As we noted yesterday [2], reportage on the oil market jittters sparked by the Iran elections included a quote from one analyst predicting an imminent rise to $100 a barrel. This ominous figure is being heard more and more. The Wall Street Journal [3] on June 22 ran an overview of predictions concerning the oil market and its impact on the world economy that quoted Tom Petrie, an "oil bull" who runs his own energy investment bank and research operation out of Denver. Petrie puts the chances that oil will rise to $80 to $100 a barrel in the next couple of years at greater than 50 percent.
Al-Jazeera [4] April 21 noted a report prepared by energy economists at the French investment bank Ixis-CIB warning that crude oil prices could touch $380 a barrel by 2015. Some excerpts: "If one takes into account the level of previous oil shocks such as in the 1970's, we don't think a price level of $380 per barrel is out of the question... We have taken into account every new oil discovery and potential source ...as well as this we note the continuing situation of a fall in new field discoveries." Meanwhile, China will contribute greatly to the world's rising energy needs: "Rapid movements of people from the Chinese countryside into the cities would increase the demand for housing, cars and general transportation. All of this will fuel energy consumption," the report said.
On May 4, the Association for the Study of Peak Oil (ASPO [5]) ran a story on a Palm Springs lecture by legendary independent oil magnate T. Boone Pickens in which he predicted $60 a barrel by the end of the year. He would be vindicated in less than two months. Boone on what is driving the spike: "Global oil [production] is 84 million barrels [a day]. I don't believe you can get it any more than 84 million barrels. I don't care what [Saudi Crown Prince] Abdullah, [Russian President Vladimir] Putin or anybody else says about oil reserves or production. I think they are on decline in the biggest oil fields in the world today and I know what's it like once you turn the corner and start declining, it's a tread mill that you just can't keep up with."
On May 25, the UK Guardian [6] reported from the ASPO annual meeting at the Gulbenkian Museum in Lisbon, where delegates accused OPEC of articifially inflating its reserve estimates:
From quiet beginnings three years ago, Aspo is no longer just "bubbling under" in being taken seriously. Delegates had to squeeze past no fewer than 10 documentary crews, a nest of television cameras and a phalanx of reporters just to grab their seat in the packed auditorium.

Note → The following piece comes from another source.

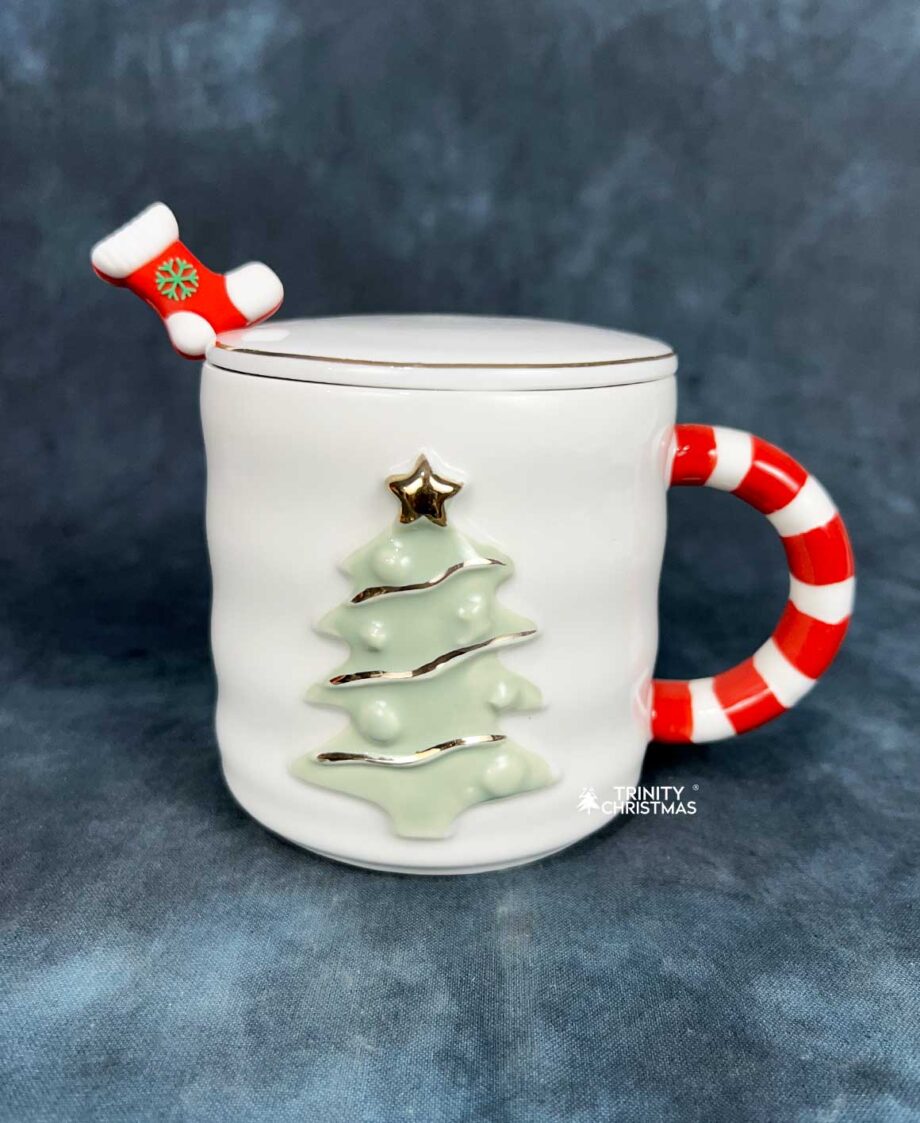 White Christmas Mug with Tree Design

Rather than talking about when oil could "run out", Aspo prefers to predict that global production may be at, or approaching, its height. The world is using more oil than it finds, and discoveries of oil fields peaked in the 1960s. Despite technological advances since then, new field discoveries are at an all-time low. This, said delegates, has led to the current lack of any "cushion" between supply and demand, and to the consequent high prices. The outcome for the world, if Aspo is correct, is catastrophic.

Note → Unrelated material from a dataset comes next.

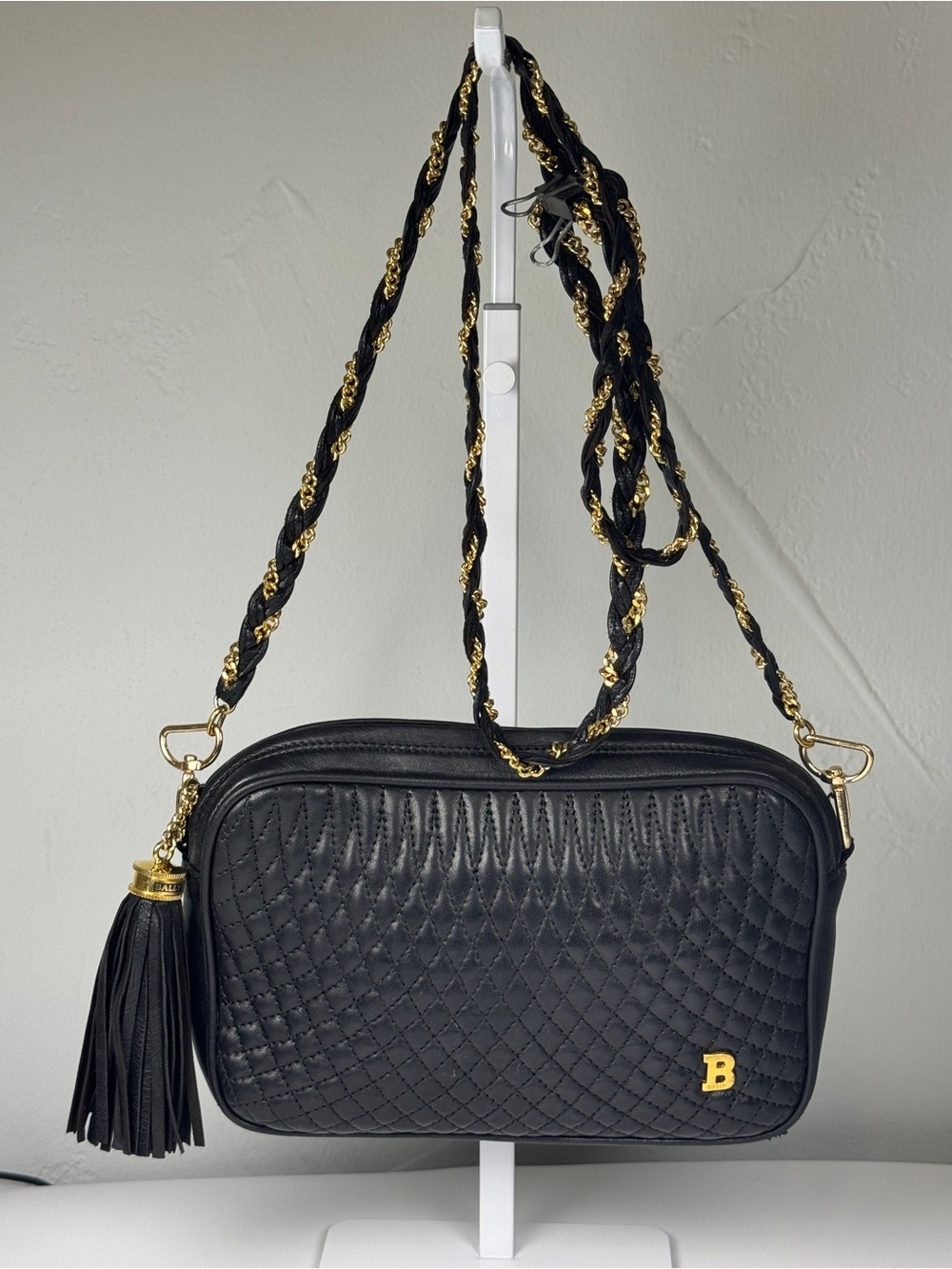Bally Black Lambskin Quilted Crossbody with Gold Chain Tassel zipper pull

Central to the organisation is the work of Colin Campbell, a geologist and former executive vice-president of oil giant Total. Making the meeting's keynote speech, Campbell talked about the "dawn of the end of the age of oil" and the "end of economics".
Underpinning all of Campbell's, and Aspo's, work is the lack of transparency in the world's oil data. Campbell drew attention to the way in which members of the Organisation of Petroleum Exporting Countries (Opec) "revised" their reserve figures in the 1980s, and said that it is incredible that this "flawed data" is still being used today. He highlighted the example of Kuwait, which scrubbed its previous figures in 1985. Overnight, its reserves went from 64bn barrels to 92bn barrels. As Opec allows production quotas tied to stated reserves, this allowed Kuwait to pump more oil and immediately make a lot more money.
Campbell showed how, two years later, the other countries in Opec, outflanked by Kuwait's sudden action, followed suit. The United Arab Emirates went from 31bn barrels to 92bn barrels. "Then came Iran," said Campbell. It declared its reserves had increased, but went one better, going from 47bn barrels to 93bn. "And what of Iraq?" added Campbell. "Saddam, as we all know, had some pretty strong views on things, so he decided to come in at a round 100." Its previously stated reserves were 47bn barrels.
Some 18 to 20 years later, these numbers remain unchanged. This despite the United Arab Emirates, for instance, pumping millions of barrels every week since the day it flipped its figures.
Campbell asserts that Opec members, and others such as Russia, are stating the total amount ever found, not the amount left for us to use. But such claims are not the preserve only of Aspo. This year, the International Energy Agency, the International Monetary Fund and G7 members all demanded that Opec, and other producer nations, open their fields to audit. Without knowing how much oil is left to pump, decisions about any energy transitions - the move away from oil as a predominant fuel - remain impossible.
If these people are right, the obvious conclusion is that the Bush administration (filled with oil industry bigwigs and having access to CIA data) is on to them, revealing the Iraq campaign as a strategic gamble for control of the world's most important oil reserves in the Persian Gulf, as leverage to assure US global dominance in the coming century. A group of anthropology students at UC Berkeley have assembled an online reader arguing this point, entitled Crude Geopolitics [7]: "A collection of readings for citizens concerned about what's fueling U.S. foreign policy."